Ian Patrick, FISM News

 

A security guard working at the Yeltsin Center gallery in Yekaterinburg, Russia is in trouble after he drew eyes on an avant-garde painting worth over $1.4 million dollars.

The Art Newspaper Russia, which broke the story on Jan. 13, noted the affected painting was Anna Leporskaya’s “Three Figures” created in the early 1930s. It was a part of an exhibition titled “The World as Non-Objectivity. The Birth of a New Art.”

Ivan Petrov of the Art Newspaper Russia writes that the painting itself was not too damaged by the doodle.

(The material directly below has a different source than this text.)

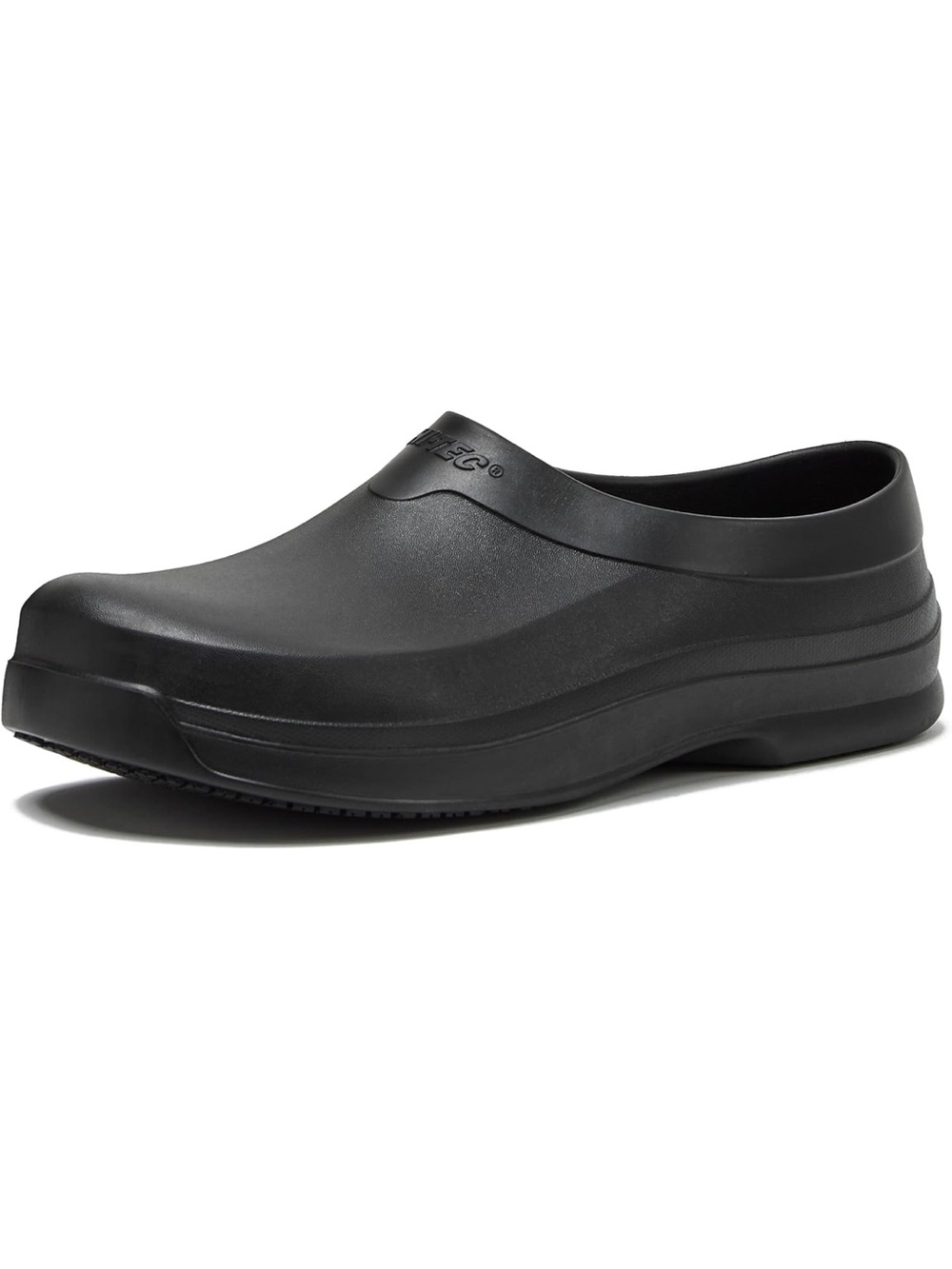 Hi-Tec Black Slip-On Work Clog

The ink has slightly penetrated into the paint layer, since the titanium white used to paint the faces is not covered with author’s varnish, as is often the case in abstract painting of that time. Fortunately, the vandal drew with a pen without strong pressure, and therefore the relief of the strokes as a whole was not disturbed.

The incident was discovered on December 7, 2021, by two visitors. They alerted an employee and not long after the painting was removed from the exhibition and “returned to the Tretyakov Gallery.”

A council focused on art restoration reevaluated the painting with the eyes on it and say it will cost around 250,000 roubles ($4,600 UDS) to restore it to its original form.

At the time, the department of the Ministry of Internal Affairs of the Russian Federation for Yekaterinburg decided not to prosecute because, in their words, “there are no signs of a crime . . . since the picture has not lost its properties.” However, the culture ministry intervened with their own investigation which resulted in the arrest of the 60-year-old security guard who was responsible for the crime, according to reporting by The Age. The guard was also fired from his security position.

The Yeltsin Center later reported on the arrest, saying the guard was “an employee of a private security firm that provided security at the center.” Anna Reshetkina, the exhibition’s curator, told The Age that there was no distinguishable motive from the security guard, “but the administration believes it was some kind of a lapse in sanity.”

If found guilty, the suspect could be fined or placed in jail for up to three months. The Yeltsin Center, according to The Age, has responded to the situation by placing “protective screens over the remaining works of the avant-garde exhibition where Leporskaya’s work was displayed.”